That becomes all too apparent when he is asked to assist Lesley Harcourt's glamorous Mrs Corcoran, in her own self-deprecating and frankly inaccurate words "a wizened old hag of thirty".
However, fending off the femme fatale pales into insignificance as the health of the host's mother-in-law fades before she succumbs to gastric tuberculosis, an illness that regrettably appears to be hereditary and might be the cause of the hysteria suffered by Vivien Heilbron as Mrs Angelus. It should be remarked that a suspected affair between her husband and Rosalind McAndrew's serving girl cannot have helped her state of mind either.
Loyal Johnson ignores the wise council of both the seductive Mrs Corcoran and an elderly but extremely distinguished Doctor, Sir Gregory Butt . He is played with quiet wit by Malcolm Rennie, himself conjuring up the memory of Alastair Sim in his later years in this role and later on doubling as a police inspector, who unexpectedly calls.

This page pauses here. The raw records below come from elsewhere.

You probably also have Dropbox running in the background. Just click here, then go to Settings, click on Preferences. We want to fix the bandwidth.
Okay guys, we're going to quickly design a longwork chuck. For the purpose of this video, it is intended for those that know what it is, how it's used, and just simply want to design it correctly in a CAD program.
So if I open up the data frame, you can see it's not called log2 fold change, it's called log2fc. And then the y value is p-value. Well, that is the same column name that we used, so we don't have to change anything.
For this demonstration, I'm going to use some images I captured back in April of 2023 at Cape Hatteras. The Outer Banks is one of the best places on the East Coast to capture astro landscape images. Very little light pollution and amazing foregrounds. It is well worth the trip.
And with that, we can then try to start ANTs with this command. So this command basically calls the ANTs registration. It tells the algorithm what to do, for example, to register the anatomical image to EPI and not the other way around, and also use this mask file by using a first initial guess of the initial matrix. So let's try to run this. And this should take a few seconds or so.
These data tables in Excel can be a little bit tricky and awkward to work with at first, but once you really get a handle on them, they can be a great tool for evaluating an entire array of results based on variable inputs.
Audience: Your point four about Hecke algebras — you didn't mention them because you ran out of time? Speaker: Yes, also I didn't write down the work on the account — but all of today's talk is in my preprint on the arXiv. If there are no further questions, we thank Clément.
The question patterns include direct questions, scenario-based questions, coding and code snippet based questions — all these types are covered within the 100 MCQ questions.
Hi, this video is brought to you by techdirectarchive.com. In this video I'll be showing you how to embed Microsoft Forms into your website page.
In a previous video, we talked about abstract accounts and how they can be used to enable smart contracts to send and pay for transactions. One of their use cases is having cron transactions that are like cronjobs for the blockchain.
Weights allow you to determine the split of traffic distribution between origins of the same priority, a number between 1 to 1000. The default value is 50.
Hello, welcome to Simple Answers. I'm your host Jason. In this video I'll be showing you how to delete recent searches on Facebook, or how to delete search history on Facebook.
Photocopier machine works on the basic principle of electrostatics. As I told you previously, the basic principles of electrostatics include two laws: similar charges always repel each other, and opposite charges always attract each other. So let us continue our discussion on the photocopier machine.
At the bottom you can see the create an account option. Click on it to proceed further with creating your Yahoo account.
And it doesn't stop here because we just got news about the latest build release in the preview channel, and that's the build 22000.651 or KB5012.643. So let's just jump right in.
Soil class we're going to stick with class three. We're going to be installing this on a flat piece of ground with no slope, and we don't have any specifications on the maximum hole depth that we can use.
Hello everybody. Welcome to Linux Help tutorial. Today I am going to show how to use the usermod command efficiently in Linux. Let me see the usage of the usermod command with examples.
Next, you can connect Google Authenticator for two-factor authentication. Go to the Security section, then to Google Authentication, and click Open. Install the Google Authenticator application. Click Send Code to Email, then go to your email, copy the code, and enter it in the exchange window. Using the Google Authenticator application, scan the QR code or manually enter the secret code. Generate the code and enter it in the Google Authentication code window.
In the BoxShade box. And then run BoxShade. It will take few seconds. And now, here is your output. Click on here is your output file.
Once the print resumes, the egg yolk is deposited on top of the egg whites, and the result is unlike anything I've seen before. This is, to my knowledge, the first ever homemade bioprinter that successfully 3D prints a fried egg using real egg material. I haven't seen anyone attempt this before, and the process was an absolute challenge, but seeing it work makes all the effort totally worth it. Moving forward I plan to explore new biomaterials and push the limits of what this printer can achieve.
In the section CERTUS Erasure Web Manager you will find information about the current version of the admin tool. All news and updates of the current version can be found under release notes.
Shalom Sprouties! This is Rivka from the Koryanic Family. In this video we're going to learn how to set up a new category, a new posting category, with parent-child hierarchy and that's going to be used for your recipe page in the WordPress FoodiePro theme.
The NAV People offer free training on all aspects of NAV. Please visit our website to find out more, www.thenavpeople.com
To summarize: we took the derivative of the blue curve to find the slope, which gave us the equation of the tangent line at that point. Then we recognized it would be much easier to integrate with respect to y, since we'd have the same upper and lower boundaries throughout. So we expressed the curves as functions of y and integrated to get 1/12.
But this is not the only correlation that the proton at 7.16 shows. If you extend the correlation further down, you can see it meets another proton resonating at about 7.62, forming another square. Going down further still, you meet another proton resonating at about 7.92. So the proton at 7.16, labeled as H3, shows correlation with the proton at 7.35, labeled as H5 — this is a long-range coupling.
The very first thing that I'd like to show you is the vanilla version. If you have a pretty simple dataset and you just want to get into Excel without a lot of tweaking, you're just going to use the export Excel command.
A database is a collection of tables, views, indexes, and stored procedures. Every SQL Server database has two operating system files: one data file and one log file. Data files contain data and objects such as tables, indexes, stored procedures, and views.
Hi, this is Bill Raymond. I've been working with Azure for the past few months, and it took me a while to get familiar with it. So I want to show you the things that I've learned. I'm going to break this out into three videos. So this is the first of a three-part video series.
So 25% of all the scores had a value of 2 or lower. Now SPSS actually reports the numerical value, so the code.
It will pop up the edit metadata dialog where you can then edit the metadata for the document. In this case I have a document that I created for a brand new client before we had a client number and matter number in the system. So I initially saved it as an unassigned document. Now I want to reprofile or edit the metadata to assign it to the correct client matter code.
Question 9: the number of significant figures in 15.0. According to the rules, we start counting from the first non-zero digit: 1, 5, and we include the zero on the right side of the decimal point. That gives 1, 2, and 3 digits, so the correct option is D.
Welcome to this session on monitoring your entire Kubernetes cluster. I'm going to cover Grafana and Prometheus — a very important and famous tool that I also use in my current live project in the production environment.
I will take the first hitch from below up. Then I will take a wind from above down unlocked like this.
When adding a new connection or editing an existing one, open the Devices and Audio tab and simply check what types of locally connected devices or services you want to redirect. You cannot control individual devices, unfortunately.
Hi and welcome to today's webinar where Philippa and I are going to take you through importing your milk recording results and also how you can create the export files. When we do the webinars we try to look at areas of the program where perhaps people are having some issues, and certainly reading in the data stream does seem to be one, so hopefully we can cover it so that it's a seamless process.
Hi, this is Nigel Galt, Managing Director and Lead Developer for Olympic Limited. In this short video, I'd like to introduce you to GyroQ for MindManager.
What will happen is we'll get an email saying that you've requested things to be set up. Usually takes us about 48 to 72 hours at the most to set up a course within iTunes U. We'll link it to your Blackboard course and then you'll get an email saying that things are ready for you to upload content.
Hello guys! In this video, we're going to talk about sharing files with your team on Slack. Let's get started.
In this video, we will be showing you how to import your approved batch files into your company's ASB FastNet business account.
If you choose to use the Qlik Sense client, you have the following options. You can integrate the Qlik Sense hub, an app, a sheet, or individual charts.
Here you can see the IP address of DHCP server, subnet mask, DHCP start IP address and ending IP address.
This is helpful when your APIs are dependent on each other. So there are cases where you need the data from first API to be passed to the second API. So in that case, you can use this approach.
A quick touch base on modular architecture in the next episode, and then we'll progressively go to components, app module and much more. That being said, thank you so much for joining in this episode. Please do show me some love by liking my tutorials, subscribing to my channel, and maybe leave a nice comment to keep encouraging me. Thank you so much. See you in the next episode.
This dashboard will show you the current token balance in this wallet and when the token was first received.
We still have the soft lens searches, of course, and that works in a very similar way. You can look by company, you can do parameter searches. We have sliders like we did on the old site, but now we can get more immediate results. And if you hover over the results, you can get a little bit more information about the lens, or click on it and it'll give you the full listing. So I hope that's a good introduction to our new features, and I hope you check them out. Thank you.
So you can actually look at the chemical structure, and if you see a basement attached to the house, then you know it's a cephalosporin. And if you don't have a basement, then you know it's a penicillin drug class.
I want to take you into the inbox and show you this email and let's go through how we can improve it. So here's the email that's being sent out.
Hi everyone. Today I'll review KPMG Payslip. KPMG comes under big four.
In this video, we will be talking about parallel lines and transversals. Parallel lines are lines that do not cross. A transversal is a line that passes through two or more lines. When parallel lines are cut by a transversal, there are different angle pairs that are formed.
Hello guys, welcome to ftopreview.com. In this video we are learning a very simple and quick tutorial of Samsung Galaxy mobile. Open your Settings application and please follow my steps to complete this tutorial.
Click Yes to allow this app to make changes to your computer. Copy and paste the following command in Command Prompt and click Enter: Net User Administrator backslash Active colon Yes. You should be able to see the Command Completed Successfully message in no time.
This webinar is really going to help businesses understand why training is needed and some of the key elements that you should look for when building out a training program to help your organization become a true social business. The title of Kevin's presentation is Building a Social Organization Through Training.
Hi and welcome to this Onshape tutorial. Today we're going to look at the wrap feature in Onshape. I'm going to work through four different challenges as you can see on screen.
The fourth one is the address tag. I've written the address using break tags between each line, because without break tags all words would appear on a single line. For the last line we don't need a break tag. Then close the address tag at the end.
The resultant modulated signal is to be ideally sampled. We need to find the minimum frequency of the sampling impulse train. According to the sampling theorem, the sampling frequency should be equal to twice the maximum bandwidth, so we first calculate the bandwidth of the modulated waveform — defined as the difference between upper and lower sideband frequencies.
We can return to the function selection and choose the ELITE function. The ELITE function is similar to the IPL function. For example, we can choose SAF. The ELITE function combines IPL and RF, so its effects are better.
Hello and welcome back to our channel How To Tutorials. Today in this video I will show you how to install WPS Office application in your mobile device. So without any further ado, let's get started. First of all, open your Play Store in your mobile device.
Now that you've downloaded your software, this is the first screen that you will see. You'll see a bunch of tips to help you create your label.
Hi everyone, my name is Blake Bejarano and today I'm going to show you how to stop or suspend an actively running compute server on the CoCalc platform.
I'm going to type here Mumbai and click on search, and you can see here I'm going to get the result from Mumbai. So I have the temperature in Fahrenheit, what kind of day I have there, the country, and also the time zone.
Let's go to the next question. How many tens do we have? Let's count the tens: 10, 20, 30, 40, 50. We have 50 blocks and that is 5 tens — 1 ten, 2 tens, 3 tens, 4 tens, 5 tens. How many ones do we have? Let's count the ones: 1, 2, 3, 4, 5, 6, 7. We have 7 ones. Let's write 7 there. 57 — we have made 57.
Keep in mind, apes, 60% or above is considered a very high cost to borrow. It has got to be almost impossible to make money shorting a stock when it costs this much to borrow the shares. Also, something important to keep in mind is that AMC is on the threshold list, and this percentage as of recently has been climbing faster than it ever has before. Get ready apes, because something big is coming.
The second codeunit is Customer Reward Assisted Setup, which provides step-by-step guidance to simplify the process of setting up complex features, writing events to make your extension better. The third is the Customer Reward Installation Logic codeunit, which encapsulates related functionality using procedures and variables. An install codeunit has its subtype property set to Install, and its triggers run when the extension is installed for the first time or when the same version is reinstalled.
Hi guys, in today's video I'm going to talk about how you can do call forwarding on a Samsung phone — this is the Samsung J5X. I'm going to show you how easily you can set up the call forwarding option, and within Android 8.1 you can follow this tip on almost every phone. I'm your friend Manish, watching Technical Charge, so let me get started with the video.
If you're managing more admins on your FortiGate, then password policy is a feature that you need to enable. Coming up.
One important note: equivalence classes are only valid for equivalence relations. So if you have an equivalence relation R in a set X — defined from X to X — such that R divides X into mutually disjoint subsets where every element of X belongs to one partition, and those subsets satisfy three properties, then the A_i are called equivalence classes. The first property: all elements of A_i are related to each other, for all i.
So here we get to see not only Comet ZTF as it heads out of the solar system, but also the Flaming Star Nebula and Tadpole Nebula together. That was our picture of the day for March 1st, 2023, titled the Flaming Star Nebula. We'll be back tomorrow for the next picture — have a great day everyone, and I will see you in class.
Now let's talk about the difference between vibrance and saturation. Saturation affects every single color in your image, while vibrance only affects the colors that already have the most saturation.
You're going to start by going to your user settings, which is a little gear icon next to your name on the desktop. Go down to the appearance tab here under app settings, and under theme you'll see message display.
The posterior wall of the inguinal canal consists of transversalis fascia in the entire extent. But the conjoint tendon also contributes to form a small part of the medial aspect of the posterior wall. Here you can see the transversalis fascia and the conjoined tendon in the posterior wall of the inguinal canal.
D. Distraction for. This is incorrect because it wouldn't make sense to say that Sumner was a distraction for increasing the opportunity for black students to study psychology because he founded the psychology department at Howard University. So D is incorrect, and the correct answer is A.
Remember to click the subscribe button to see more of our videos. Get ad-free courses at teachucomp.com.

Leading the cast, David Rintoul plays to the house with dry humour, while Alex Bhat makes his character suitably earnest and Malcolm Rennie steals every scene in which he plays.
Dr Angelus is a bit of an old potboiler but has charm and wit on top of the company’s more sinister underpinning. Jenny Ogilvie's production can be atmospheric, especially in a haunting dream sequence, although the evening feels under-rehearsed.